FTO Genotype and 2-Year Change in Body Composition and Fat Distribution in Response to Weight-Loss Diets
The POUNDS LOST Trial
- 1Department of Nutrition, Harvard School of Public Health, Boston, Massachusetts
- 2Department of Occupational and Environmental Health and the Ministry of Education Key Laboratory of Environment and Health, School of Public Health, Tongji Medical College, Huazhong University of Science and Technology, Wuhan, China
- 3Epidemiology Branch, Division of Epidemiology, Statistics, and Prevention Research, Eunice Kennedy Shriver National Institute of Child Health and Human Development, Bethesda, Maryland
- 4Channing Laboratory, Department of Medicine, Brigham and Women’s Hospital and Harvard Medical School, Boston, Massachusetts.

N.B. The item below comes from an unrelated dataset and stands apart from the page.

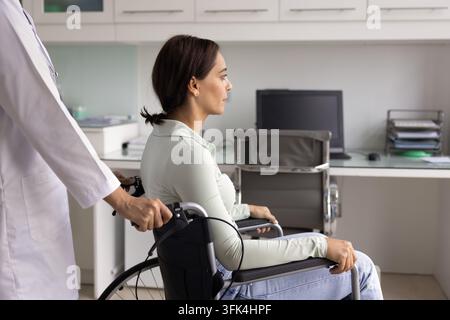 Medica in camice bianco che spinge una giovane donna in sedia a rotelle Foto Stock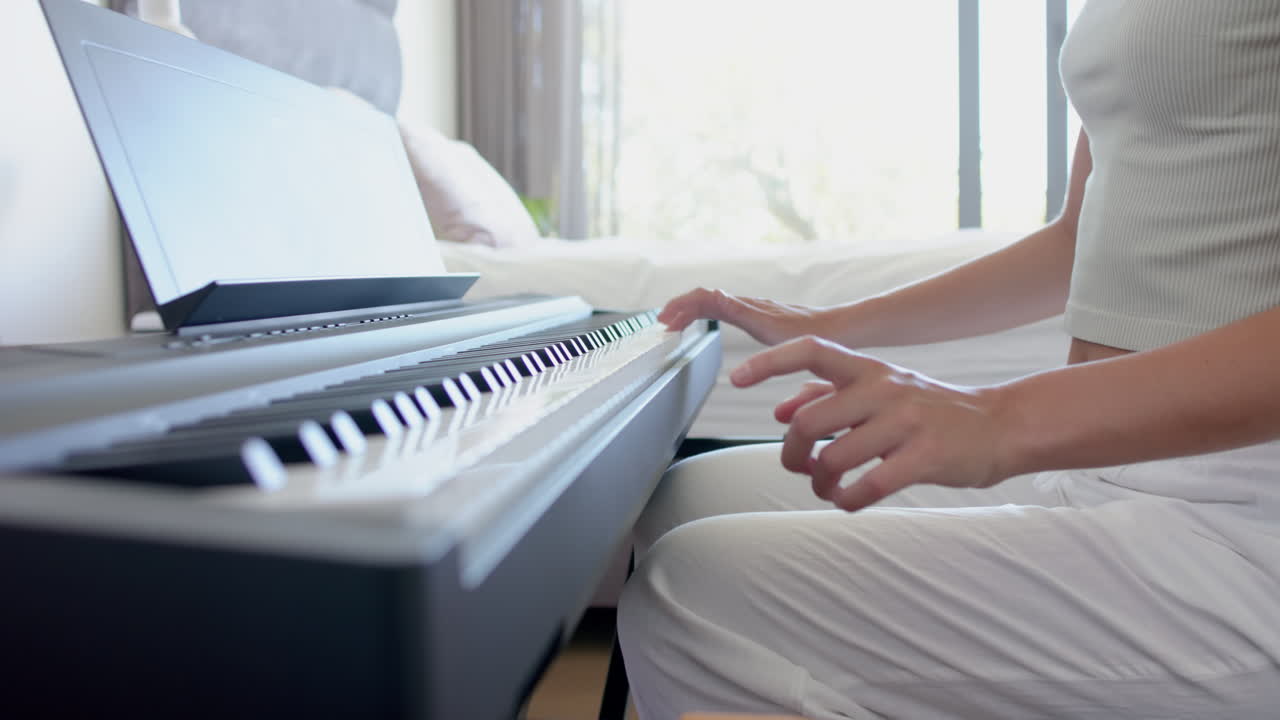 una adolescente caucásica está tocando un piano digital, aprendiendo una pieza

- Corresponding author: Lu Qi, .
Recent evidence suggests that the fat mass and obesity-associated gene (FTO) genotype may interact with dietary intakes in relation to adiposity. We tested the effect of FTO variant on weight loss in response to 2-year diet interventions. FTO rs1558902 was genotyped in 742 obese adults who were randomly assigned to one of four diets differing in the proportions of fat, protein, and carbohydrate. Body composition and fat distribution were measured by dual-energy x-ray absorptiometry and computed tomography. We found significant modification effects for intervention varying in dietary protein on 2-year changes in fat-free mass, whole body total percentage of fat mass, total adipose tissue mass, visceral adipose tissue mass, and superficial adipose tissue mass (for all interactions, P < 0.05). Carriers of the risk allele had a greater reduction in weight, body composition, and fat distribution in response to a high-protein diet, whereas an opposite genetic effect was observed on changes in fat distribution in response to a low-protein diet. Likewise, significant interaction patterns also were observed at 6 months. Our data suggest that a high-protein diet may be beneficial for weight loss and improvement of body composition and fat distribution in individuals with the risk allele of the FTO variant rs1558902.
- Received December 20, 2011.
- Accepted May 10, 2012.
- © 2012 by the American Diabetes Association.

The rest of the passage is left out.